Thus, the deterministic autoencoder can be used to generate data or models adapted optimally to the situation in question, as a result of which the reliability and safety can be significantly increased during the subsequent processing of the generated data or models.

A further embodiment of the present invention also provides a controller for training a deterministic autoencoder, wherein the autoencoder is configured to compress sample data representing objects and subsequently to reconstruct the sample data again, wherein the autoencoder is further configured to generate data representing additional objects, and wherein the controller has a receiving unit for receiving training data representing objects and a training unit which is configured to train the autoencoder on the basis of the training data, and wherein the training unit is configured to train the autoencoder on the basis of a probability function and a loss function, and wherein the loss function has a reconstruction term and a regularization term.

An improved controller for training a deterministic autoencoder is thus provided. Since a deterministic autoencoder is trained here, the training of the autoencoder is much simpler and less complex than methods for training a variational autoencoder. Because both the reconstruction term and the regularization term are taken into account during training of the autoencoder, the latent space can be made acceptable, and further high-quality data which show objects can also be reliably generated on the basis of the deterministic autoencoder, without an additional step of density estimation being necessary for this purpose. Thus, the controller provides a simple and efficient frame for training a deterministic autoencoder.

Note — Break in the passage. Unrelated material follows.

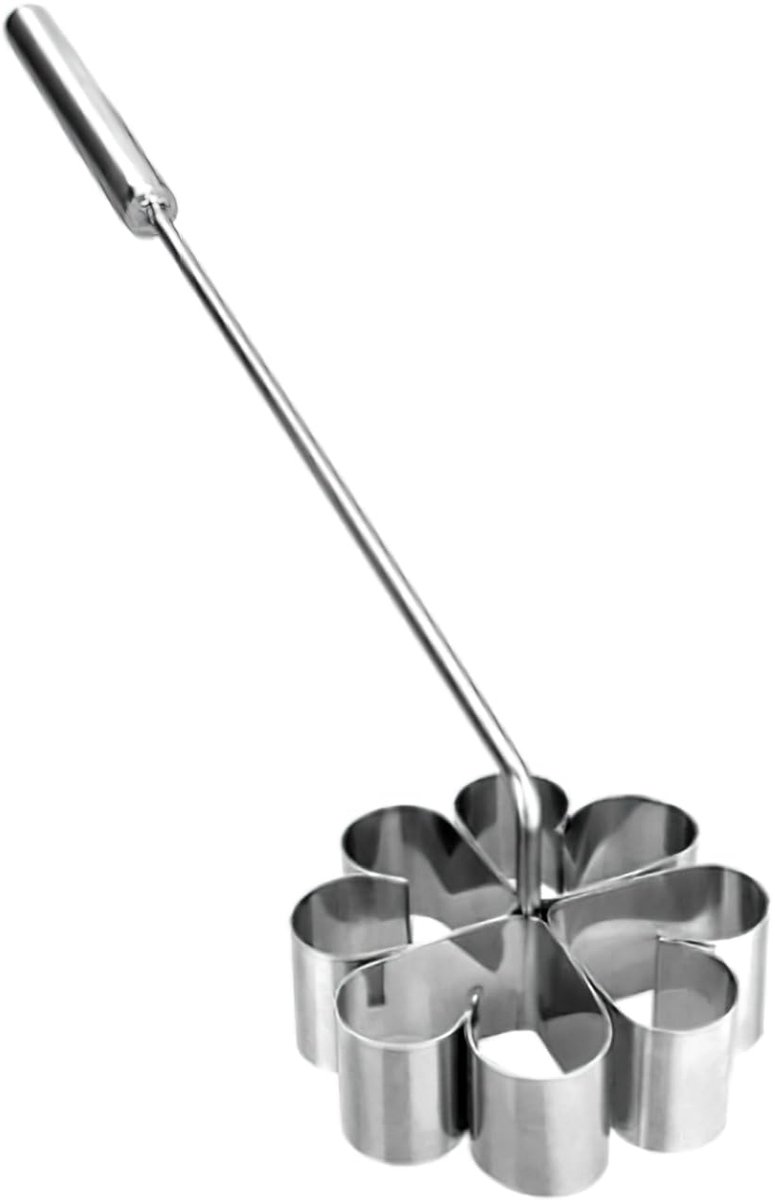 Ibili Inox Floret Mal Zilver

In one example embodiment of the present invention, the controller further has a weighting unit which is configured to weight the reconstruction term and the regularization term, wherein the training unit is configured to train the autoencoder on the basis of the probability distribution, the loss function and the weightings of the reconstruction term and the regularization term. The controller can be optimized for different scenarios thereby. For example, if the individual sample data, in particular on the basis of their coordinates, are comparatively far apart, the regularization term should be weighted more. If the autoencoder is to be trained further to generate objects which have very specific attributes or to generate data characterizing these objects, it is expedient to weight the reconstruction term more during the training of the autoencoder.

The probability distribution can again also be a Gaussian mixture model. In this way, the regularization, that is, the predictive capability or generalizability, of data or models generated by means of the autoencoder can be increased further.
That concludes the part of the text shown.